Queste trasformazioni (tra le tante indicate nel rapporto LSDI) hanno inevitabilmente delle conseguenze sul sistema pensionistico. I giornalisti sono una delle categorie in cui è più evidente e marcata quella contraddizione giovani/anziani che tanto li appassiona nei loro articoli (riservati ad altri settori). Mentre i trattamenti pensionistici erogati o da erogare nei prossimi anni hanno radici nelle retribuzioni della “Belle époque” del giornalismo, quelle degli attuali contribuenti si barcamenano all’interno di un mercato del lavoro sempre più destrutturato. Basti pensare che l’importo della pensione media dei giornalisti (di antico conio) è al terzo posto dopo quelli dei notai e dei professori universitari e che l’INPGI ha introdotto il calcolo contributivo (quello che dovrebbe agire retroattivamente per lo stramaledetto vitalizio dei parlamentari) limitatamente ai contributi maturati dal 1° gennaio 2017 in avanti (criterio del pro rata).
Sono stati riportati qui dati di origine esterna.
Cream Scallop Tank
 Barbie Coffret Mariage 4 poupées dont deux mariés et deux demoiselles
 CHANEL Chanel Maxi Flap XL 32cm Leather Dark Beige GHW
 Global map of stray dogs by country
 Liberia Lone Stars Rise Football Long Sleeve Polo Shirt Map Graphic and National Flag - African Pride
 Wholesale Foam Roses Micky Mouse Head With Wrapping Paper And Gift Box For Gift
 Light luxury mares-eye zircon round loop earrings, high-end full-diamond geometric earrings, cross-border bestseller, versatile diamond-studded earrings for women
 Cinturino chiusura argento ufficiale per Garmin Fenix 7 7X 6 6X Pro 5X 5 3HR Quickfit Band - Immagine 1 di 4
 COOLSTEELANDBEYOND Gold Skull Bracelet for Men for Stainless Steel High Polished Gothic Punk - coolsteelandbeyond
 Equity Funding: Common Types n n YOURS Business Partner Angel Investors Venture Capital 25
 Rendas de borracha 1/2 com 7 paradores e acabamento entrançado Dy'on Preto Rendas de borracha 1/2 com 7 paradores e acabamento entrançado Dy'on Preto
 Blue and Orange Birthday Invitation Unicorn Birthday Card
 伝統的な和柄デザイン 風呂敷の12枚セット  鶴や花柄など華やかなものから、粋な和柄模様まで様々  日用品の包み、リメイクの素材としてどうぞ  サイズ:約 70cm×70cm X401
Ma il bello viene quando si mette a confronto la composizione delle fasce di reddito dei lavoratori attivi con quella delle pensioni vigenti. Per farla breve, nell’ambito del lavoro dipendente (abbiamo già ricordato il reddito modesto di quello “autonomo”) una quota di poco inferire al 50% dei rapporti di lavoro sta nella fascia fino a 30mila euro lordi annui, mentre quelle più alte continuano a crescere: un giornalista dipendente su quattro nel 2015 ha percepito un reddito superiore a 80mila euro; i redditi superiori a 130mila euro sono passati in 16 anni dal 2,8% al 6,1%. Naturalmente si tratta di professionisti non di primo pelo che hanno fatto meritatamente carriera. Sul versante delle pensioni dirette, l’importo medio è di 57mila euro lordi annui, pari al 94% della retribuzione media del giornalista dipendente. Le pensioni comprese tra 28mila e 49mila euro sono soltanto il 28%. La percentuale più elevata (il 42%) si colloca tra 70mila e 150mila euro.
L’INPGI – ricordiamolo – è una cassa privatizzata che ha autonomia normativa (salvo l’approvazione del Ministero del Lavoro). Quindi sono i giornalisti, attraverso meccanismi di rappresentanza, a definire le regole da applicare. Ma questa non è più o meno la stessa accusa che loro rivolgono ai parlamentari?